A ilusão de evolução sempre perseguiu a humanidade, que idealiza o ser humano como protagonista da construção do bem, da justiça, da igualdade e da harmonia, como se estivéssemos sempre numa curva ascendente rumo à utopia social.
Um rápido passeio na história deveria ser suficiente para nos convencermos da visão heracliana de que a vida é uma luta de contrários, que esse ser humano tem em sua constituição Apolo e Dionísio, ordem e caos, razão e loucura. Muitas vezes a humanidade acreditou nessa evolução, na construção apolínea da natureza humana e a realidade explodiu em sua frente.

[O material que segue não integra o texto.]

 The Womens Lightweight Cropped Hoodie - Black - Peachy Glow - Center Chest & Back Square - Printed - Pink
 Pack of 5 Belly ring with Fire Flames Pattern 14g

A religião sempre contribui muito para esse equívoco e, mesmo com o resultado do medievo, quando nas entranhas da casa de Apolo, Dionísio crescia e se desenvolvia, até a necessidade da reforma luterana e toda a derrocada do mando da religião.
O mundo continua dividido nessa aposta.
A construção social moderna, racional, consciente e progressista volta e meia desmorona em distopias gritantes, devido à tentativa de sufocar Dionísio da realidade humana.

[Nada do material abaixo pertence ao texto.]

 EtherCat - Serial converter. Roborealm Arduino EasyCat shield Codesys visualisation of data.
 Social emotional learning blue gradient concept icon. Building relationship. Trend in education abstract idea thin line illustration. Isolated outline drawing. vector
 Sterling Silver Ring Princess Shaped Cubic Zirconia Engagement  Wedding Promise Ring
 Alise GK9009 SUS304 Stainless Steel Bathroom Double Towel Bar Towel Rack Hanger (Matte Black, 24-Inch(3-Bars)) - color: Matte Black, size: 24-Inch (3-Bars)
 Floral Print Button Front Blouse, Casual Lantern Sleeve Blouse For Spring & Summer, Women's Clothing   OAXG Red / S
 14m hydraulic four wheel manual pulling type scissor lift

Durante um tempo, tudo sorri e a ilusão aumenta.
A Europa unificada parecia um sonho, os grandes e ricos com suas portas abertas aos “irmãos”, um único dinheiro. Os fortes se juntando aos fracos para a caminhada comum. Tudo lindo.
Os Estados Unidos, com todo seu histórico de racismo, elegem Obama. Um negro, presidente da maior potência mundial. Agora sim, estamos muito mais conscientes.
No Brasil cai a ditadura e mesmo com uma transição lenta, chegamos a um governo de esquerda, “progressista”. A sociedade se torna tolerante e diversa, voltada para a solidariedade e construção de uma sociedade “mais justa” para todos.
Para ficarmos somente nesses três exemplos, vamos às perguntas fundamentais…
Finalmente conseguimos eliminar ou enfraquecer Dionísio?
A humanidade melhorou?
Conquistaremos nossa utopia?
Nada disso, como sempre, Dionísio crescia nas entranhas e deixava Apolo somente na superfície mantendo as aparências.
Brexit, Trump, Bolsonaro não caem de paraquedas, pelo contrário, são sínteses da tensão que estava colocada o tempo inteiro.
A humanidade continua “demasiadamente humana”, com toda sua capacidade de bem e de mal, em suas medidas próprias que não obedecem às construções românticas, mas seguem seu curso natural.
Então estamos mesmo no deserto?
Não há esperança?
E a velha utopia?
Não chega a ser um deserto, mas não estamos numa nuvem de algodão doce. Também temos o amargo e o salgado.
Sempre há esperança, desde que não se sufoque a realidade pelo ideal.
Quanto à utopia…
Bem, as palavras de Eduardo Galeano podem nos precaver da ilusão: “A utopia está lá no horizonte, me aproximo dois passos e ela se afasta dois passos… Para que serve a utopia? Serve para isso: para que eu não deixe de caminhar”.